Вечером она показала ему анонимное письмо, которое так распалило тогда ее гнев. Он равнодушно повертел его в руках.

– Пожалуй, я знаю, от кого оно, – ответил он, возвращая его ей, – да и ты наверняка знаешь, Персис.

– Но как – как он мог?..

– А что, если он в это верил, – сказал Лэфем с кротостью, ранившей ее больнее всякого упрека. – Ты-то ведь поверила.

Потому ли, что его разорение шло так постепенно, потому ли, что предшествующие события истощили их душевные силы и они уже не способны были страдать, но конечное банкротство принесло Лэфему и его семье скорее облегчение и успокоение, чем ощущение беды. Под знаком этого несчастья они словно вернулись к прежней дружной жизни, по крайней мере, снова были все вместе. Те, кому довелось испытать много превратностей в жизни, поймут, почему, вернувшись в тот вечер домой после выплаты всех долгов кредиторам, Лэфем был за ужином так весел, что Пенелопа снова принялась шутить с ним, заметив, что, судя по его виду, кредиторы не иначе как решили выплатить ему по сто центов на каждый доллар его долгов.

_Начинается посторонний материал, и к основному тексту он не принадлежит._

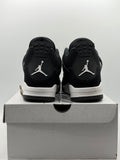 Air Jordan 4 Retro White Thunder (WORN)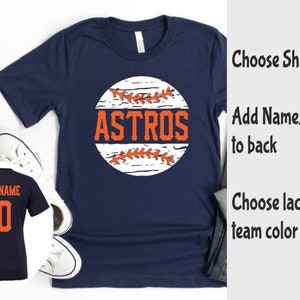 Astros Mens Shirt Etsy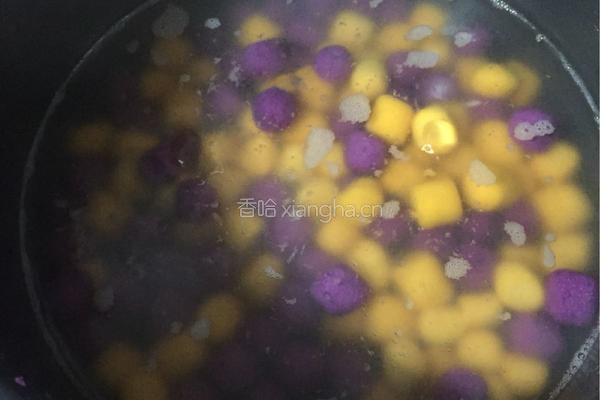 芋圆的做法图解10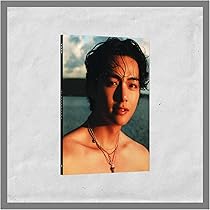 Amazon.co.jp: BTS V Kim Taehyung TYPE 1 Photobook with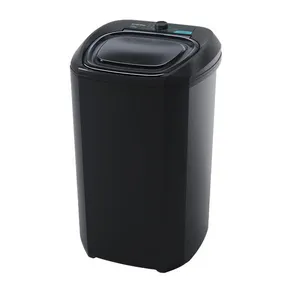 Tanquinho Wanke New Confort 10Kg LWBE100T PB | Preto (127 V)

Так как Джеймс Беллингем проявил к нему столько внимания с самого начала его несчастий, Лэфем счел за» должное, перед тем как предпринять последние шаги, сообщить ему, как обстоят дела и как он намерен поступать дальше. Беллингем задал несколько бесполезных вопросов о переговорах с виргинцами, и Лэфем рассказал, что они кончились ничем. Он упомянул о человеке из Нью-Йорка и о том, что перед ним открывался шанс продать этому человеку половину своего дела.

– Но я, конечно, обязан был сказать ему и о виргинцах.

– Ну, конечно, – ответил Беллингем, лишь позже поняв все значение этого поступка Лэфема.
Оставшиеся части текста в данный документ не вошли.